In short - the hashes provide a unique version label for the BatLit corpus that can be used to retrieve all associated data as well as verify the authenticity of an available copy.

jhpoelen commented 1 month ago

@ajacsherman share again for sharing your concerns. I reviewed the items below the section

Here are some concerns I have;

and found that these concerns to do specifically point out suspicious records in the BatLit v0.4 . However, they point to concerns about the curatorial process and ways to make sure that the quality of the corpus can be managed efficiently.

Please let me know if any of these concerns are specific to BatLit v0.4 as I am sure I may have missed something in your description.

JelleZijlstra commented 1 month ago

Here's some feedback on the sample records. Most of those are very minor but fixing them could make the references more pleasant to use; your call whether it's worth addressing them.

jhpoelen commented 1 month ago

@JelleZijlstra thanks for sharing your notes.

For the next test round, I can make sure to include some examples of non-journal articles as you suggested in

All of the samples are journal articles.
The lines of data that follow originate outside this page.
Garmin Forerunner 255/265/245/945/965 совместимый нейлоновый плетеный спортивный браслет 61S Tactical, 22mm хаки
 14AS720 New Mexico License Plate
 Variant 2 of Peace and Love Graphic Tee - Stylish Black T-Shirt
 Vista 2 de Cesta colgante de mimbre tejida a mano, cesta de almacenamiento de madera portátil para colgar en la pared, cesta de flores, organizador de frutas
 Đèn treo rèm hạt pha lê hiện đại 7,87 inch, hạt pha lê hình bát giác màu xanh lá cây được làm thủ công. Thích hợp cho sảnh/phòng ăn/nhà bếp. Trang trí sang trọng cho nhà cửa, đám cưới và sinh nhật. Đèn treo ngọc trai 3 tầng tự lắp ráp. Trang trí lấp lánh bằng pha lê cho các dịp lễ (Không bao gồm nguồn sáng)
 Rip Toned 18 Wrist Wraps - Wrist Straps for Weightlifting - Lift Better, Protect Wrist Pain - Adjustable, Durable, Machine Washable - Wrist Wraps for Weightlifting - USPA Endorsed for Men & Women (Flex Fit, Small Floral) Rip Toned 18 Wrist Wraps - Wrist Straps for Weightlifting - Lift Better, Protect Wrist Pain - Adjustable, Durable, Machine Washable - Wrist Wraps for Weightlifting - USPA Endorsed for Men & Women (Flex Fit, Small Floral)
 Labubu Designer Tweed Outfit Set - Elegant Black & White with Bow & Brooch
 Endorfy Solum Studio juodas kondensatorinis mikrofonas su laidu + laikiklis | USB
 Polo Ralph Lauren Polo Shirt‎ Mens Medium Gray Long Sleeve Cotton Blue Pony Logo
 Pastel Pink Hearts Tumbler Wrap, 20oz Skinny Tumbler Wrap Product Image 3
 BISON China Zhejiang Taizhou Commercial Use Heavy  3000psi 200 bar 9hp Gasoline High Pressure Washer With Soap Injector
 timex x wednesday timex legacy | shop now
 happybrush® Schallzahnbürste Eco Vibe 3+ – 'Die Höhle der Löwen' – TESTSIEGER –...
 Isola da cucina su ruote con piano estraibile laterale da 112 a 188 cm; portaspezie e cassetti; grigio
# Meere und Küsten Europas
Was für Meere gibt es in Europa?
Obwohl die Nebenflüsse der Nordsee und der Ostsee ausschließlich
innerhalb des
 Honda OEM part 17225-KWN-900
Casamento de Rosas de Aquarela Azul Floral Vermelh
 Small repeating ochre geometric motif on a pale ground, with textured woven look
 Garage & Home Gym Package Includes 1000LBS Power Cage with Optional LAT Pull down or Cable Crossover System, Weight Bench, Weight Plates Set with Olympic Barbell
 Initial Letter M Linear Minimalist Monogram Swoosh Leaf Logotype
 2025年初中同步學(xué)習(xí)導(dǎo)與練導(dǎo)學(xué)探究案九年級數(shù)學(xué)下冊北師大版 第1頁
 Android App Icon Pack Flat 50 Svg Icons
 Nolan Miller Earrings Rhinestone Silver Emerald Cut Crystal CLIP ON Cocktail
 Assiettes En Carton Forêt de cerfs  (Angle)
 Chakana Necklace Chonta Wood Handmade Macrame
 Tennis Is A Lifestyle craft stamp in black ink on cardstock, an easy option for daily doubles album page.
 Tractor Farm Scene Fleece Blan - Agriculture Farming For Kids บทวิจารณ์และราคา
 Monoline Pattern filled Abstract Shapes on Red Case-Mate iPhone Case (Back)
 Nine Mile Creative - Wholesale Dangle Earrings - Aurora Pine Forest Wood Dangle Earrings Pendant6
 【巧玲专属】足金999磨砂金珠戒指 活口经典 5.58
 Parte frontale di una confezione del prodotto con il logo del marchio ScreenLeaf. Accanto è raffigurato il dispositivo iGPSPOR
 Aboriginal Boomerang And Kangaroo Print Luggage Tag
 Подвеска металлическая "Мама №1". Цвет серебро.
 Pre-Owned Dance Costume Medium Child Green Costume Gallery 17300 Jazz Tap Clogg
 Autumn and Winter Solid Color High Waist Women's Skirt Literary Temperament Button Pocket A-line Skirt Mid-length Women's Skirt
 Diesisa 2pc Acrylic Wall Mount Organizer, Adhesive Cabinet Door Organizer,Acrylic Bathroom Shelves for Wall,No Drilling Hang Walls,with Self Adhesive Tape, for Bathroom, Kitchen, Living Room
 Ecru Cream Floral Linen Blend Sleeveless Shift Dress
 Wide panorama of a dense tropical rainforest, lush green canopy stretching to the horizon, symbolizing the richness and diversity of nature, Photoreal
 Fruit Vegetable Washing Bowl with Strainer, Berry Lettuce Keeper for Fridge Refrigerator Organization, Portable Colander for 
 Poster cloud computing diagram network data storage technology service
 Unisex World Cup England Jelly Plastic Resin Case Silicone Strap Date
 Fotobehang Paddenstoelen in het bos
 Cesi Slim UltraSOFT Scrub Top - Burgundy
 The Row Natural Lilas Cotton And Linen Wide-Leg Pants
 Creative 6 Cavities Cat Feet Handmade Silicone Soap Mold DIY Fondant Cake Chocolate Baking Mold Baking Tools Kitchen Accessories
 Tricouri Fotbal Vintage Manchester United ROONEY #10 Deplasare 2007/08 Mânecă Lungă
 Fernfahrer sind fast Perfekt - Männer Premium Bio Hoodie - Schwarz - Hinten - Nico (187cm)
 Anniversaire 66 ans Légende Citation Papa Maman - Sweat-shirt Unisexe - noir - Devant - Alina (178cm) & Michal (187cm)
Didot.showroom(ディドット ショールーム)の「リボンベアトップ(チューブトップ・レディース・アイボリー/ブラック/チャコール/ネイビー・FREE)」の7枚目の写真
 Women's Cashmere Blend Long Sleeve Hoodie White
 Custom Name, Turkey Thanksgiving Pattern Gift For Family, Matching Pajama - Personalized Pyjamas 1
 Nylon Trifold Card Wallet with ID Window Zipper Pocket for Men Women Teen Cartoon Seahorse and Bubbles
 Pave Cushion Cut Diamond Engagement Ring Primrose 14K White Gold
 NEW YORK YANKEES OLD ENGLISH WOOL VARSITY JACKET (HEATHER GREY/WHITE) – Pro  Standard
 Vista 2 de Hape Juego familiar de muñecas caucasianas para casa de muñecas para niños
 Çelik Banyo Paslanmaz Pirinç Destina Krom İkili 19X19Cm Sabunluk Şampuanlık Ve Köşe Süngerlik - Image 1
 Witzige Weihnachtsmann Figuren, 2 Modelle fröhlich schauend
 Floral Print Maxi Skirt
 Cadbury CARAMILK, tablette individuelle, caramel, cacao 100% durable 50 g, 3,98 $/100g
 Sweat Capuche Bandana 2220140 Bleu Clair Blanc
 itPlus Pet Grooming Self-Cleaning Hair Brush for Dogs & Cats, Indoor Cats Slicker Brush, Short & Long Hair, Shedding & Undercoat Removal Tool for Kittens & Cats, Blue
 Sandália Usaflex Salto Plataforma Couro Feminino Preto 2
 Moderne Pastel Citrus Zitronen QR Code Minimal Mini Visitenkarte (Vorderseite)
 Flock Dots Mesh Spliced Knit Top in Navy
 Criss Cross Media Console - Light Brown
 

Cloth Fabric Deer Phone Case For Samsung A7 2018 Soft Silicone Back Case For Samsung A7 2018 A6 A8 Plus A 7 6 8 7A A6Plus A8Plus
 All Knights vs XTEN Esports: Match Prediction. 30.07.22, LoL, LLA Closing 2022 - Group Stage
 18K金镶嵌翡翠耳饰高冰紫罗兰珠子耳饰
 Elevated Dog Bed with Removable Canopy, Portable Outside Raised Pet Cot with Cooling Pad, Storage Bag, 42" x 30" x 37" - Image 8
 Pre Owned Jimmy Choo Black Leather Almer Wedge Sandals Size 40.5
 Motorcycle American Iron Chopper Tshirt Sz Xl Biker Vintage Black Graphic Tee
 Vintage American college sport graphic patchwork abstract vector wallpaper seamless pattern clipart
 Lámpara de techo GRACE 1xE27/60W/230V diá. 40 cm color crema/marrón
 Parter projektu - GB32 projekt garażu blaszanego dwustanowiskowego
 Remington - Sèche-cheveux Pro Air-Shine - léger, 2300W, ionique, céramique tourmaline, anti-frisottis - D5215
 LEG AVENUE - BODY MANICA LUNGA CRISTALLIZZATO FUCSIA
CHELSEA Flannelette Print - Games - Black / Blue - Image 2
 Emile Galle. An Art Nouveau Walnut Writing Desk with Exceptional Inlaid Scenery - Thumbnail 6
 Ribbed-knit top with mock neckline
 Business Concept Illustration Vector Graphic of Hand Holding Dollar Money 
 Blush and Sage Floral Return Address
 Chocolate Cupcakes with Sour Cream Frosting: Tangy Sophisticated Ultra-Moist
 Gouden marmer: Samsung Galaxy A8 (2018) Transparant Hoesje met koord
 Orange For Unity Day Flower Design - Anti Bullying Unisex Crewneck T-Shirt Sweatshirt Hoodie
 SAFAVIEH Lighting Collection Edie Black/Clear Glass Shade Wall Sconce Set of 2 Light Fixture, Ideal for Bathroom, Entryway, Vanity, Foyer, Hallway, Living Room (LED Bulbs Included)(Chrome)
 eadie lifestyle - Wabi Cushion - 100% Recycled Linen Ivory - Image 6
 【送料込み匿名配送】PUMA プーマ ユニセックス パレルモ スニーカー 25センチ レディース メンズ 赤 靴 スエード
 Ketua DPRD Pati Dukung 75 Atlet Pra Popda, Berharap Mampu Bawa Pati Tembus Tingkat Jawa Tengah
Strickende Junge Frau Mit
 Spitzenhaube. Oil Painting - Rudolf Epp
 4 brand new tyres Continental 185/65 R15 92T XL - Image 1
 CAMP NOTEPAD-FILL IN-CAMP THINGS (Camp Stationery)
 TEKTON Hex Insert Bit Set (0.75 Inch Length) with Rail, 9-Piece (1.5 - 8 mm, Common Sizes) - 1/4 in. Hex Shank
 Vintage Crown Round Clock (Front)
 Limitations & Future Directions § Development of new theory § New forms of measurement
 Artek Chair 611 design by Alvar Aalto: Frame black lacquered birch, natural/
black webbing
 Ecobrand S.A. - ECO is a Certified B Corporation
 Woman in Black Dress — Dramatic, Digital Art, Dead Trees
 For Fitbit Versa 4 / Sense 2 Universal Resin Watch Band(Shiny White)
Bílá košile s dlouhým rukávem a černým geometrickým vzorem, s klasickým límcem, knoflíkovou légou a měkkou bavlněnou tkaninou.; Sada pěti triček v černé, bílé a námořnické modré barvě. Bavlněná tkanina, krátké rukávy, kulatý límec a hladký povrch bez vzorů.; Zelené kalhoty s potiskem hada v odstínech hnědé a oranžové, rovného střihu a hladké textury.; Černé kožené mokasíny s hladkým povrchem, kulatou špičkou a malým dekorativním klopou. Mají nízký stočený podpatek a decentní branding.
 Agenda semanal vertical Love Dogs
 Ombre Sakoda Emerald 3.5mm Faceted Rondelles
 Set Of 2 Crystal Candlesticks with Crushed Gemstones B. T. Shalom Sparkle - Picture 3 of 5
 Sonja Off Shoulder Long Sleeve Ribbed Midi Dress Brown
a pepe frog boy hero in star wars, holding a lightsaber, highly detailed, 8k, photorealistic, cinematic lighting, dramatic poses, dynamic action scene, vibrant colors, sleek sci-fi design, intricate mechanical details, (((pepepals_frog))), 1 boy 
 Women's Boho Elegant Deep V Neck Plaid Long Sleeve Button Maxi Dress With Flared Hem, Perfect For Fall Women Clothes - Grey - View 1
I'd be interested in seeing samples of other kinds of citations, such as books or chapters.

I'd be curious what the BatLit curator Aja Sherman @ajacsherman and digitization guru and data liberator @myrmoteras has to say about your other curatorial notes.

jhpoelen commented 1 month ago

I can confirm that the Zotero records related to:

  1. https://sandbox.zenodo.org/records/98713 (i.e., https://zotero.org/groups/5435545/items/IJI9WGI5 ) and,
  2. https://sandbox.zenodo.org/records/98715 (i.e., https://zotero.org/groups/5435545/items/EQRRREEU)

had the italic html tags <i> removed from the title.

For example -

preston cat hash://md5/26f7ce5dd404e33c6570edd4ba250d20\
 | grep EQRRREEU\
 | grep hasVersion\
 | preston cat\
 | jq .data.title

produced a title string without <i> as seen previously:

"The dawn bat, Eonycteris spelaea Dobson (Chiroptera: Pteropodidae) feeds mainly on pollen of economically important food plants in Thailand"

Similarly,

preston cat hash://md5/26f7ce5dd404e33c6570edd4ba250d20\
 | grep IJI9WGI5\
 | grep hasVersion\
 | preston cat\
 | jq .data.title

produced a title without tags:

"Divergent microclimates in artificial and natural roosts of the large-footed myotis (Myotis macropus)"

Big thanks for @ajacsherman restoring the article titles!

jhpoelen commented 1 month ago

Thanks again for your feedback. Closing this thread in prep for v0.5.